毛泽东首先向三位记者询间来到延安后的观感。这倒使他们想起在边区大门口富县所见两个县长的事,张西洛还把老舍先生当时所说的那句话也讲给毛泽东听。毛泽东由此对民主政治问题作了专门阐述,并且详细地向记者们介绍了敌后各抗日根据地实行民主政治的情况:“在那里,区长、乡长、保甲长,多是民选的。县长,有些也是民选的了,许多先进的人物和有为的青年,被选出来当县长了。这样的问题,应该提出让大家讨论。”毛泽东谈话时总是带着从容的微笑和愿意交流思想的眼神,声音有时和婉,有时高亢,有时甚至激愤,但不论谈论什么问题,都会使人产生一种无可动摇的信赖、慰藉和向往。

毛泽东把三位记者所列的问题表在长桌上摊开后,深沉地说,国共两党的关系的确是一个人人注意的问题,不仅两党中间,就连社会上一般人士中间,对这个问题也非常关切。他按照记者们所列问题的顺序,一一作了答复。当谈到国民党在抗战队伍中不断制造摩擦事件、大力推行《限制异党活动办法》时,毛泽东的态度严肃起来,坚定有力地挥动着手臂说:“你们知道,共同抗日的军队叫做友军,不叫做‘异军’,那末,共同抗日的党派就是友党,不是‘异党’。抗战中间有许多党派,党派的力量有大小,但是大家都在抗战,完全应该互相团结,而决不应该互相‘限制’。什么是异党?日本走狗汪精卫的汉奸党是异党,因为它和抗日党派在政治上没有丝毫共同之点,这样的党,就应该限制。国民党、共产党,在政治上是有共同之点的,这就是抗日。所以现在是如何集中全力反日防日和反汪防汪的问题,而决不是反共防共的问题。”针对汪精卫“反蒋、反共、亲日”的口号,毛泽东明确指出:“我们的口号一定要和汪精卫的口号有区别,一定要和汪精卫口号对立起来,而决不能和他相混同。凡是敌人反对的,我们就要拥护;凡是敌人拥护的,我们就要反对。”在回答共产党对摩擦事件的态度时,毛泽东首次公开提出了“人不犯我,我不犯人;人若犯我,我必犯人”这一著名的政治原则。
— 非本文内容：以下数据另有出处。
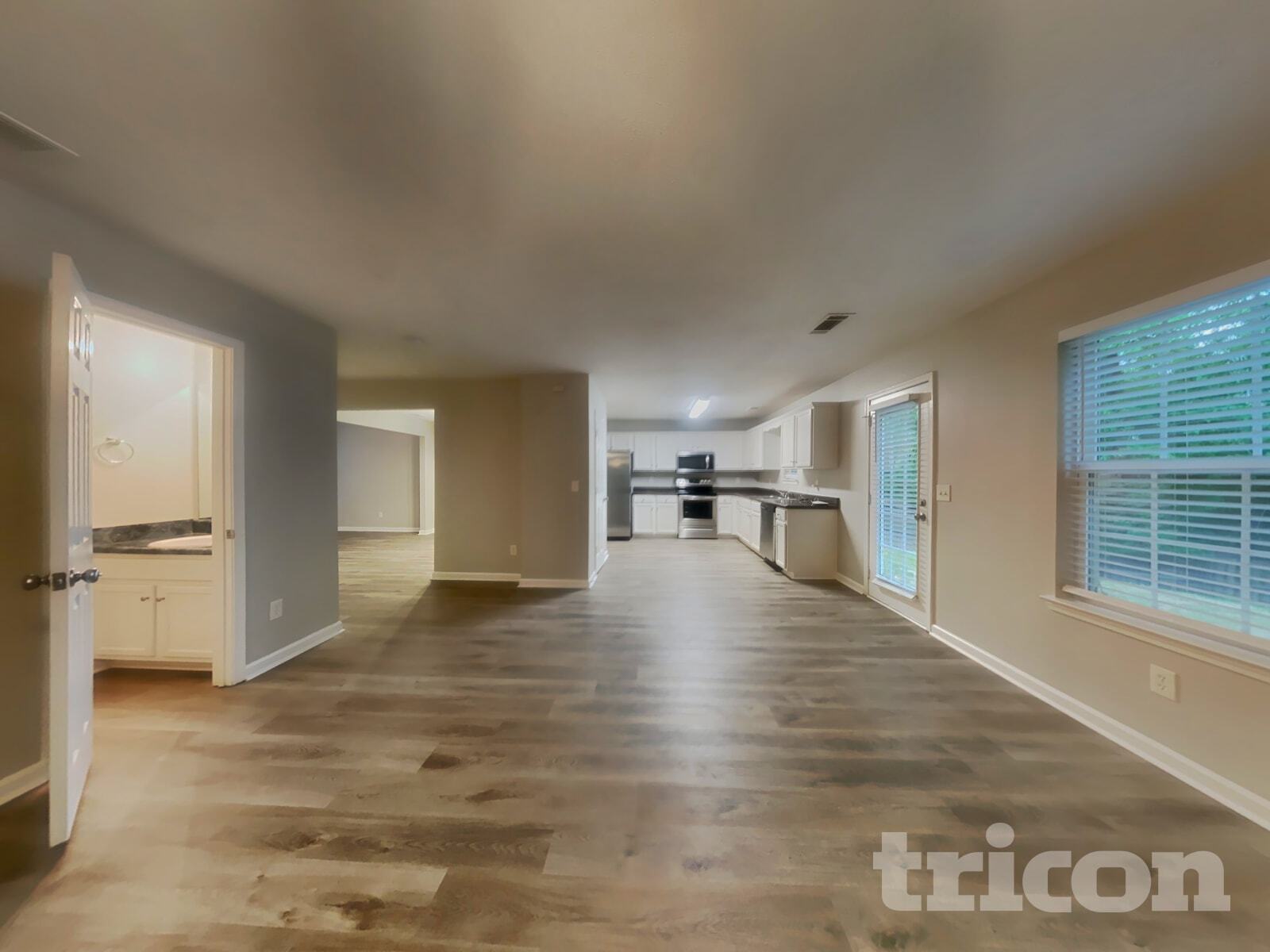 Building Photo - 613 Amberwood Dr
那次的谈话时间很长,当大家送毛泽东走出窑洞时,已是繁星满天,远处的山岭出现一片朦胧的影子。第二天上午,在记者们将要离开延安的时候,毛泽东又到交际处与他们合影留念,还送给每人一本题字签名的《苏联共产党(布)历史简明教程》。

谈话的发表和收入《毛泽东选集》

1939年10月6日,延安《新中华报》以《毛泽东同志与中央社记者刘先生、扫荡报记者耿先生、新民报记者张先生谈话》为题,用第一版整整一个版面全文发表了这篇重要谈话,各抗日根据地的报刊也都陆续转载。重庆《新华日报》是10月19日刊登的,主标题是《毛泽东同志与中央社等记者谈话》,副标题是《毛泽东同志9月16日下午6时,在延安与中央社刘先生、扫荡报记者耿先生、新民报记者张先生谈话》。该报在刊登谈话的同时,还配发了毛泽东的一张照片,引起社会各界的广泛重视。至于刘尊棋、耿坚白、张西洛所在的中央社、《扫荡报》和《新民报》,均一字未提毛泽东会见三位记者的事,3位记者发给报社的毛泽东谈话记录稿都被扣发。所幸3位记者同时将谈话稿寄给范长江主持的重庆国际新闻社,范长江发到海外的谈话稿由香港及南洋的华侨报纸在显著位置发表了。

新中国成立后,毛泽东的这篇文稿以《和中央社、扫荡报、新民报三记者的谈话》为题,正式收入《毛泽东选集》第2卷。1991年《毛泽东选集》第二版仍将该文全文保留,并且将注释由原来的3条增至9条。这也足以证明毛泽东这次谈话在历史上的重要地位。